I tried dependent() and thought that cancelOnTimeout = true (default) would be enough, but i was not aware of enlistOrigin. Thanks for the long explaination! Maybe the docs could also be more elaborative on that (maybe near the cancel-features, because this is one of the main reasons I am using it)?

I've only been playing with your library a couple of days now and I am wondering if you could add another feature, that might come in handy. As far as I know there is no way to join the thread/promise after it was canceled (as .get() and .join() of course always return that the promise was canceled). I wrote a wrapper around the Promise with CountdownLatch (for termination) and AtomicBoolean (for starting) to be able to (almost) await() the termination of the code inside the promise, but maybe you know a better way?

Cheers, Chris

Answer 4 · 2018-04-23T12:53:13.000Z

As far as I know there is no way to join the thread/promise after it was canceled (as .get() and .join() of course always return that the promise was canceled). I wrote a wrapper around the Promise with CountdownLatch (for termination) and AtomicBoolean (for starting) to be able to (almost) await() the termination of the code inside the promise, but maybe you know a better way?

Could you elaborate more? After Promise is cancelled you can get / join it, though you must handle an exception. CompletionStage.exceptionally provides an option to convert an exception to some result... So it's a bit unclear what option you are missing...
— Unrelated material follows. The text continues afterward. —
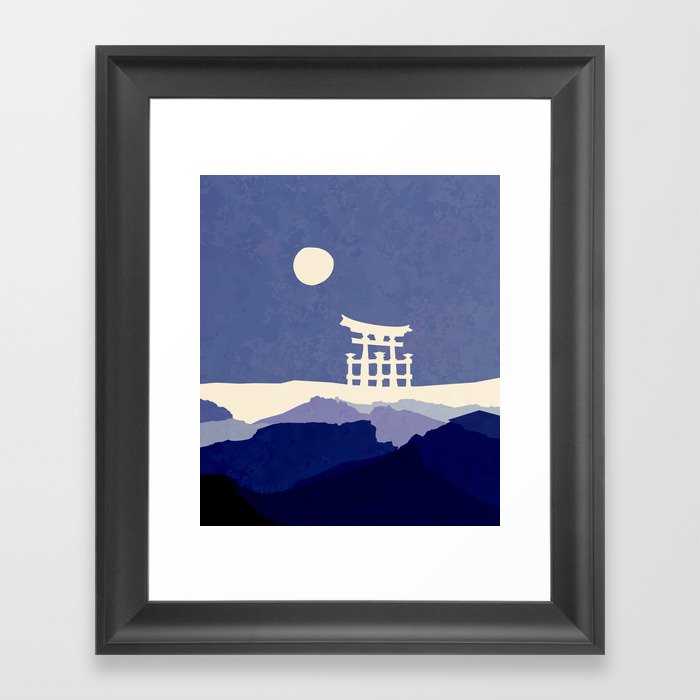 Japanese Torii Mountain Landscape Framed Art Print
Answer 5 · 2018-04-23T13:19:38.000Z

Usually, .get() and .join() are methods to synchronize the promise and wait for it complete. If it is canceled, .get() and .join() will immediately return, regardless if the backing thread is still running (the thread might have been interrupted, but it might also take some time for it to exit gracefully (or via an exception)).

I would like to still be able to wait for the promise to return and make sure the thread cannot mess up things in the background. I'm not sure the state machine would allow the cancelation to be reset to use .get() or .join() again, especially, if the promise didn't start executing yet.
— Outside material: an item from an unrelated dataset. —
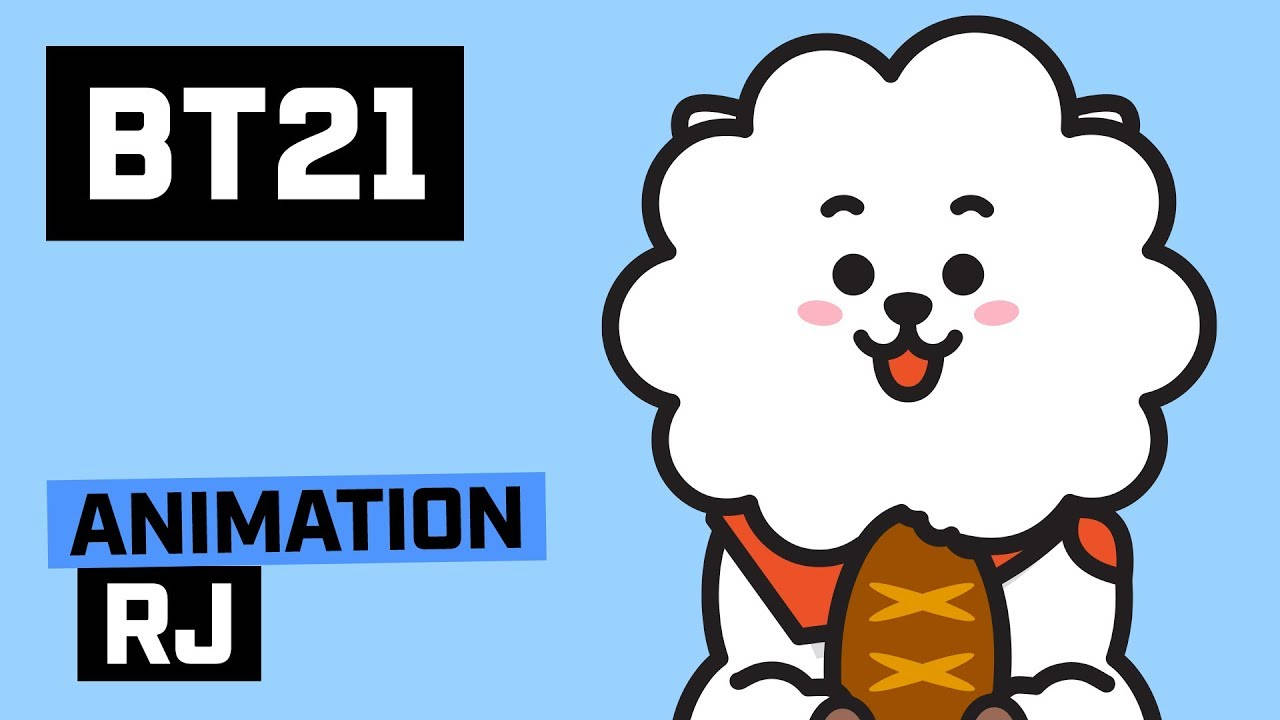 rj bt21 桌布 壁紙 — 一個開心的卡通雲角色，面帶微笑，在淺藍色背景上拿著一個棕色袋子，上面有粗體文字標籤。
Currently, I wrap the execution of the payload supplier in this way (simplified, leaving out other stuff regarding whether it started executing or not):

    private CountDownLatch promiseDone = new CountDownLatch(1);

    public void joinThread() throws InterruptedException {
         promiseDone.await();
    }

    private T wrapPromise(Supplier<T> supplier) {
        try {
            return supplier.get();
        } finally {
            promiseDone.countDown();
        }
    }

Are my intentions a bit clearer now?

Regards,
Chris

Answer 6 · 2018-04-23T19:18:38.000Z

I'm not sure the state machine would allow the cancelation to be reset to use .get() or .join() again, especially, if the promise didn't start executing yet.
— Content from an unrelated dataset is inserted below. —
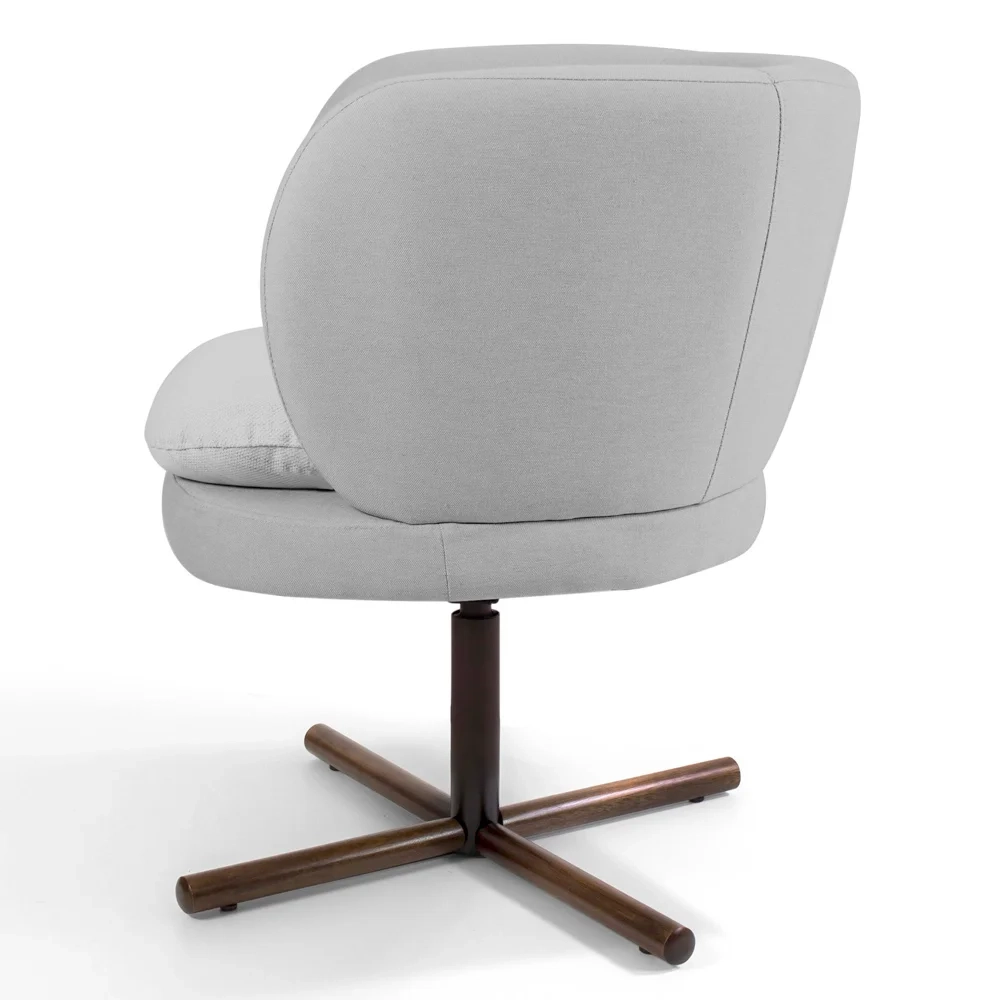 Poltrona Decorativa Sala de Estar Melissa Base Xis Giratória Lona D-315 Cinza Claro - Domi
As with CompletableFuture and others alternative implementations, CompletionStage may be completed once and only once -- either with result, or with exception, or via cancellation. All other attempts are just ignored.

Even if promise is not started, like it depends on preceding promises, it may be cancelled as well. No problems here.

So CompletableTask.supplyAsync(supplier, executor) should ultimately provide everything you need. You may safely join() the returned promise to get either a result, or a CompletionException or CancellationException. The later case is possible if you cancel the returned promise before it is completed.

Answer 7 · 2018-04-24T05:32:37.000Z

Let me rephrase the problem. I think I got the right words now.

I want to leverage the features of the executor of .isTerminated() and .awaitTermination() onto a Promise without starting each promise in a separate executor that can be awaited regardless of cancellation or not.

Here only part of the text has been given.